Every line from the one bearing "Lindo homem jovem" through the last line of the records below is to be output exactly, and no other line; leave out the pictures.

Caption-style text data
****************************************
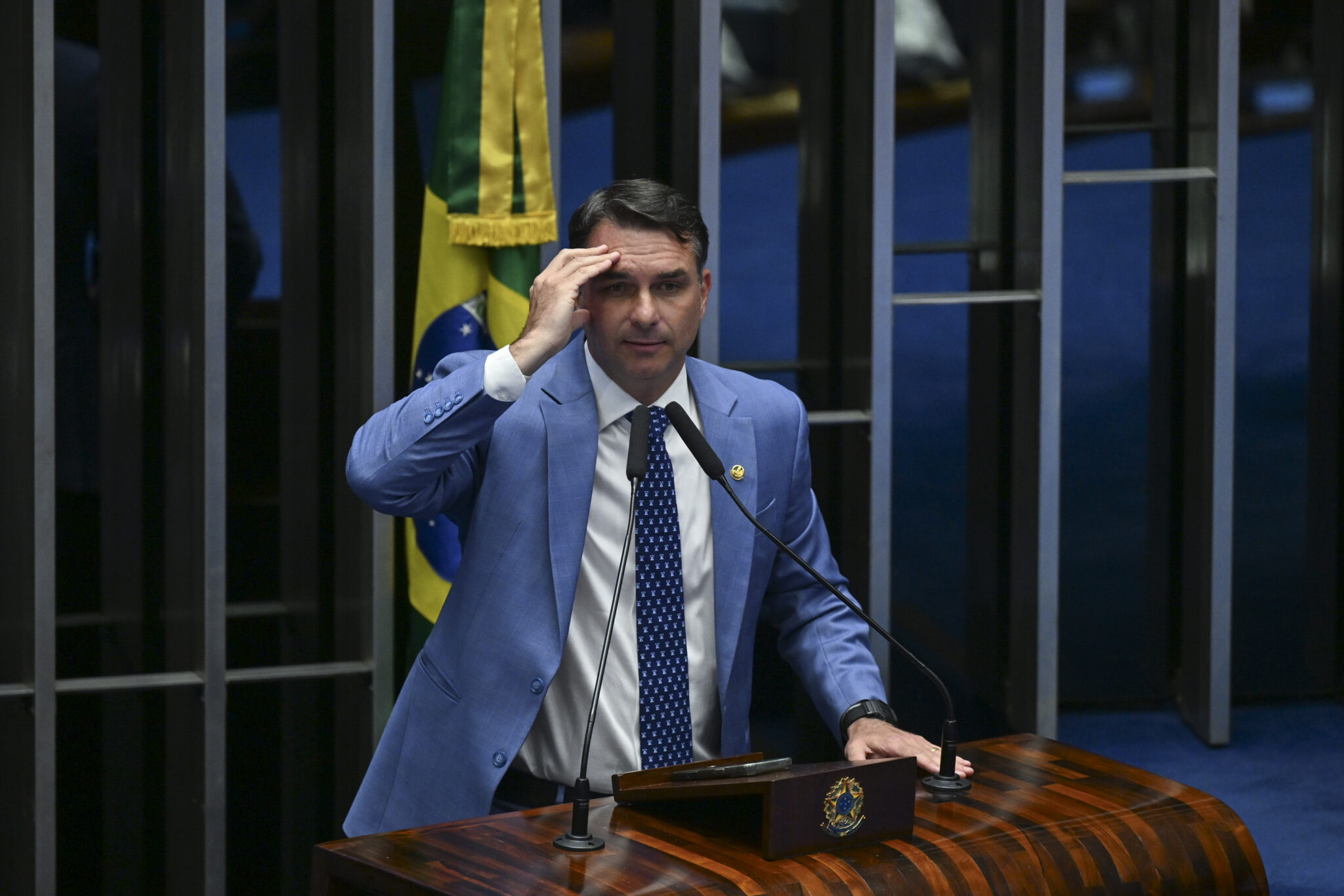 Assessora de Flávio Bolsonaro negociou emenda com condenado no caso Marielle Franco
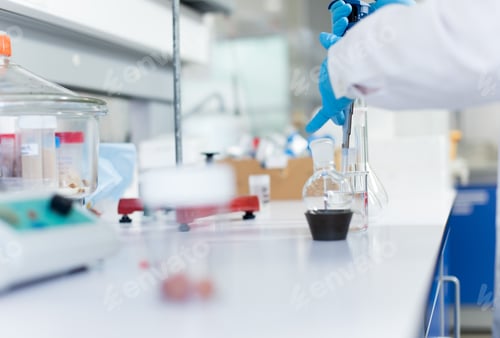 Preview: Scientist in lab
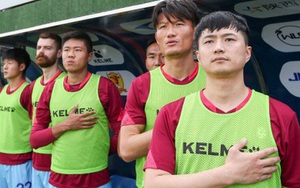 Chủ đội bóng xỏ giày vào sân, lựa luôn áo số 10 ở Trung Quốc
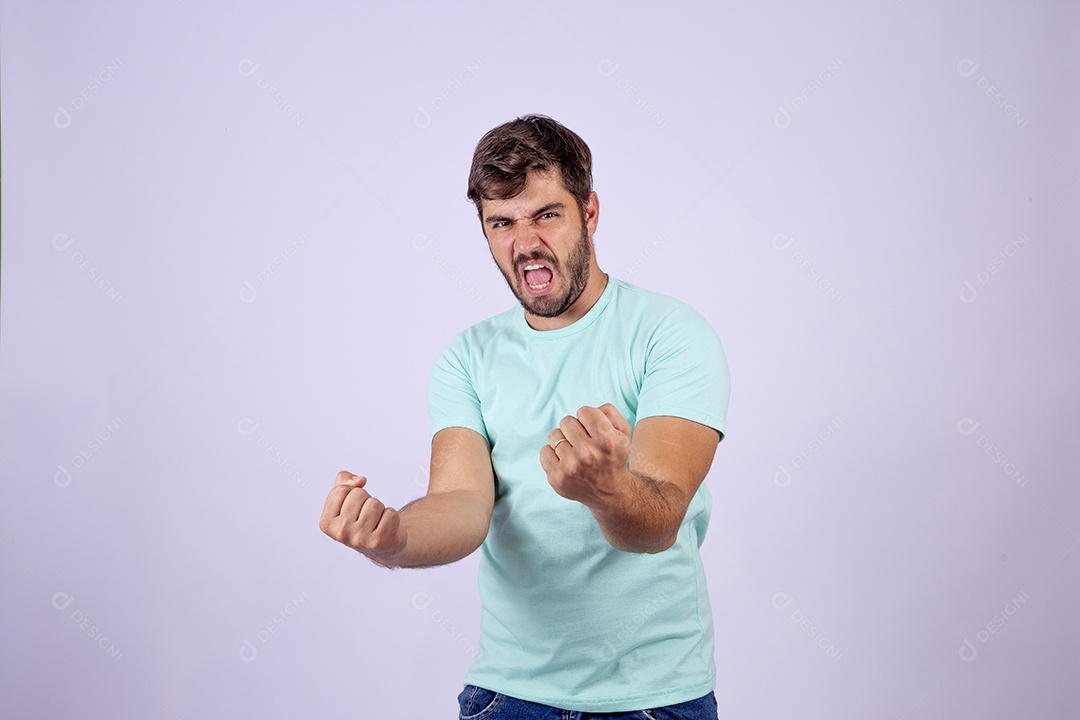 Lindo homem jovem sorridente fazendo gestos em fundo branco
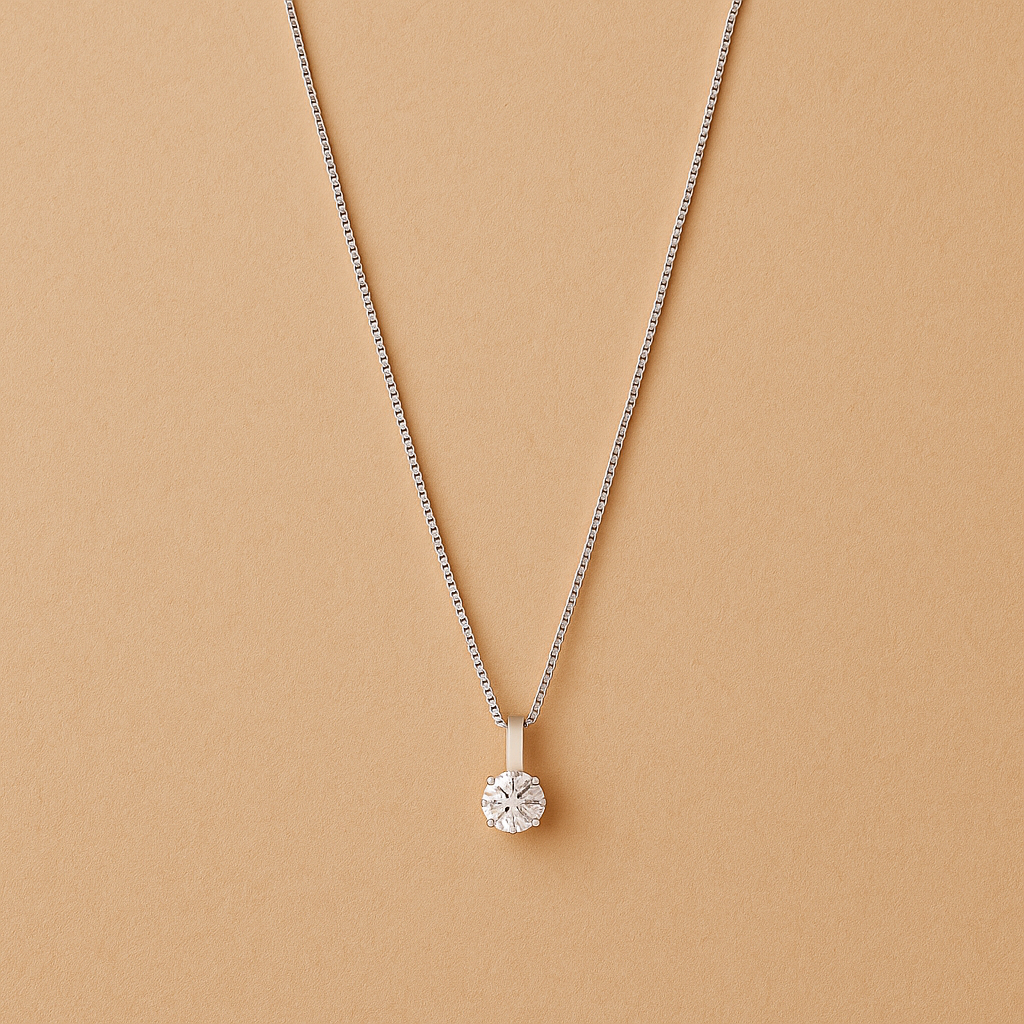 Cléa Moissanite Pendant Necklace in Gold
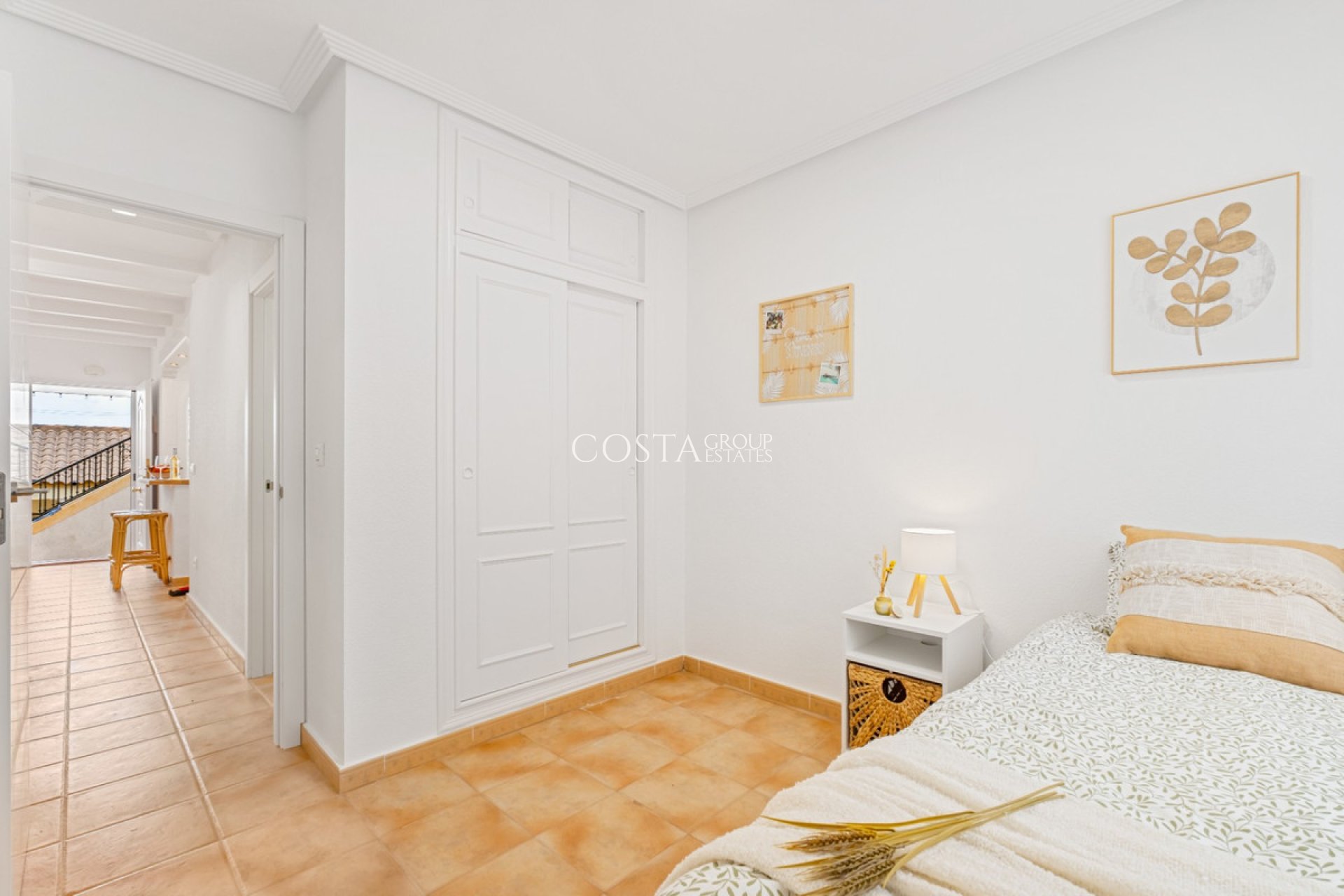Resale - House -
Orihuela - Villamartin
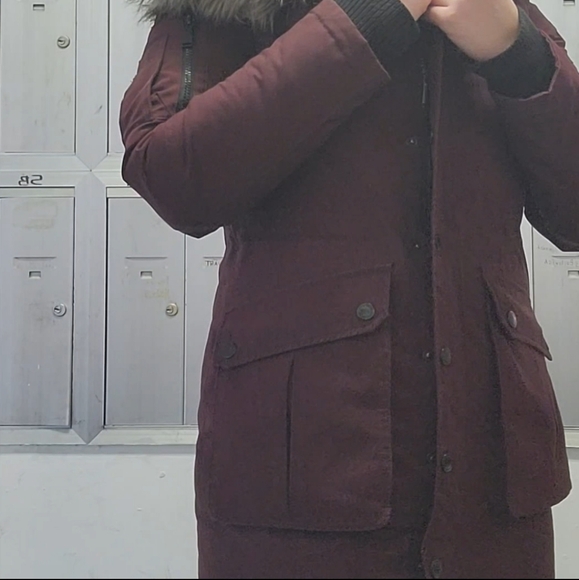 BCBGeneration Faux-Fur Trim Hooded Anorak Puffer Coat - Picture 6 of 6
****************************************
### Problem solution
 Lindo homem jovem sorridente fazendo gestos em fundo branco
 Cléa Moissanite Pendant Necklace in Gold
Resale - House -
Orihuela - Villamartin
 BCBGeneration Faux-Fur Trim Hooded Anorak Puffer Coat - Picture 6 of 6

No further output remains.